On reprend, encore quelques collines, steppes, prairies, forets et nous voila arrives a un lac, Lugu Lake, une simili reserve naturelle peuplee de touristes qui arrivent par bus. Le temps de contourner le lac, quelques 2 heures, sous une pluie battante, mes compagnons ont trace la route et je me retrouve seul entoure de gens bien habilles, abrites sous de grands parapluies.
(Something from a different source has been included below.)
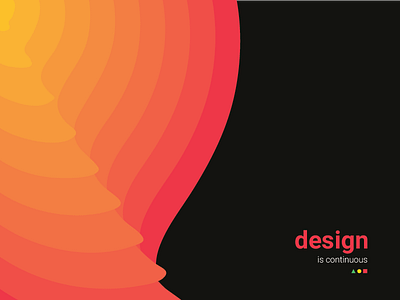New portfolio cover page curves design designportfolio neverending processofdesign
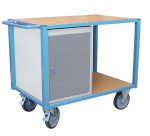 Servante établi équipée 1 bloc porte plateau médium 1060 x 680 mm 500 kg roue TPE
Je suis ourde de boue, mon odeur ferait fuire un blaireau, ma cape de pluie est en lambeaux, ca agreemente encore un peu plus l'image que je donne..Ben oui, je viens de passer 8 jours dans la montagne et je ressemble a un zombie, j'ai perdu des kilos que je n'avais pas, mon visage est crispe de douleurs, mes yeux sont livides et mon esprit est radieux, rempli de tous ces moments magnifiques, ces visages burines, ces paysages grandioses, je suis un extra-terrestre et ca m'est completement egale.
Je vais direct sur le parking des bus pour denicher une place pour rentrer en ville sur une route asphaltee. Il faut negocier sec. Pas de probleme. Je reussi a trouver une place. Un homme me tape le dos, je me retourne et je retrouve mon petit vieux. Il me demande si j'ai une place pour lui. Je renegocies avec les gars du mini-van. Mais ils n'ont plus de place. Ok, je laisse ma place a mon compagnon. Je trouverais bien ailleurs. Mais, je comprends que le probleme n'est pas tant la place que la tete de mon compagnon. Il est petit, pas de dents dans sa bouche, sale, il pue l'alcool (le salopard est alle se rincer la tronche a coup d'alcool frelate). Je prends conscience du fosse qui separe les gens de la ville et ceux de la campagne/montagne, entre les "civilises" et les pauvres paysans. Sauf que ces "civilises" se croient civilises au point d'exclure des hommes de leur monde. De quelle civilisation parlons-nous, et si c'etait a choisir je prends le monde ou le respect, la simplicite, et l'humilite sont des valeurs et non des reliquats de bonne conscience. "La civilisation c'est la sterilisation" dit Huxley... Bref, je commence a m'enerver contre les gars du van, qu'est-ce j'ai de plus que mon compagnon et surtout qu'est-ce qu'il a de moins que moi ou que toi (mise a part ses dents!). Ils ne veulent rien savoir, ca tombe bien moi non plus, un attroupement se fait autour de nous. Ca cause, ca s'explique, ca mime, ca dessine. Et enfin, mon compagnon peut monter dans le bus. Je le remercies pour tout ce qu'il m'a offert, et attends de voir le bus partir pour etre sur qu'il soit dedans. Le pauvre n'a pas compris grand chose au debat houleux auquel il venait d'assister. Car la barriere entre les mondes est naturelle aussi pour lui. On le lui a repete tellement souvent.
Je ne fais pas 5m qu'un couple de jeunes me propose de me ramener en ville.
Sur le chemin, ils m'apprennent la date, l'heure, je me reconnecte peu a peu a cette civilisation moderne ou les jours se divisent en 24 heures et ne sont plus simplement limites par un lever et un coucher de soleil. J'etais parti pour 4 jours, j'en ai fait 8.

Ma douche sera bonne, longue et chaude. Le gateau au chocolat succulent.